IPFIX Overview
Full visibility into network usage and performance provides efficient information for data security, network troubleshooting, and adapting to everchanging business demands.
Packet capture and analysis is the optimal choice for many network performance and security applications, and it is critical for complete network visibility. For small businesses, it may not be practical cost wise. This is where Metadata-based tools can be used to quickly visualize network behavior and correlate issues to specific applications or data sources. Rather than always relying on full packet capture, protocols like NetFlow and IPFIX can generate valuable metadata for less-intensive network monitoring. This metadata is similar to how your mobile phone bill shows your calls, texts usage, displaying the source, destination and volume rather than showing the actual content of the conversations. With this information, you can gain insights at a lower impact on your network management plan.
The IPFIX (IP Flow Information Export) protocol was standardized by the Internet Engineering Task Force (IETF) in 2013 to be a multi-vendor universal metadata protocol for exporting IP flow information from network devices, such as switches, routers, firewalls to network monitoring and analysis applications or “collector” systems. The IETF IPFIX standard defines how flow information is exported, formatted and transferred from the IPFIX “agent” devices to collector systems for further segmentation, analysis and logging.
Based on Netflow Version 9, IPFIX utilizes similar procedures for exporting a “flow” to a collector, which operates in a many-to-many relationship with exporter network devices so that an exporter can transmit flow information to multiple collectors, each of which can collect information from any number of exporter devices.

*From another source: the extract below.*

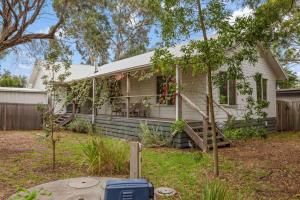 a white house with a porch and a yard at Beach House Silverleaves in Cowes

Flow data utilized by IPFIX consists of all IP data traffic that belongs to the same “connection” or “conversation” between two devices on a particular protocol. Flow information is periodically transmitted to the collector devices without any interaction by the receiver and can be customized to include a range of pre-defined or user-defined information/data types. This flexibility is one of the protocol’s strong suits, as vendors can create custom templates with custom information they wish to collect and analyze.
Why IPFIX
IPFIX and Netflow are comparable. However, IPFIX is becoming more used by end-users and supported by networking and security vendors keen to adopt a much more pervasive and flexible protocol.
In comparing compatibility, IPFIX supports the similar base set of seventy nine field types as with Netflow V9. However, IPFIX goes beyond this to support a total of two hundred thirty-eight field types, providing a larger scope for monitoring any type of flow data required. Also, as an enhancement compared to NetFlow, IPFIX also allows for variable length fields which means that a field has no fixed length. Variable length fields can make transmitting information that varies frequently such as URLs (which vary from site to site), messages, and HTTP hosts easier.
IPFIX transport has to fulfil certain reliability and security requirements. Therefore Stream Control Transmission Protocol (SCTP) has been chosen as the preferred transport protocol for IPFIX for all fully compliant implementations while TCP and UDP can be used as optional protocols for backward compatibility. Preference to SCTP is significant because it is congestion-aware and reduces bandwidth use in case of congestion, thus preventing the monitoring application to reduce the performance of the monitored network.
IPFIX allows networking hardware vendors to specify a Vendor ID to create their own proprietary information to be exported. This enables the capturing and gathering of almost any data which typically may have required Syslog or SNMP directly using IPFIX for exporting it from collector devices for further analysis and monitoring.
Finally, as an open IETF standard, IPFIX provides benefits from the collective engineering efforts of thousands of individuals in the Internet community as well as support within products offered by dozens of companies in the networking marketplace.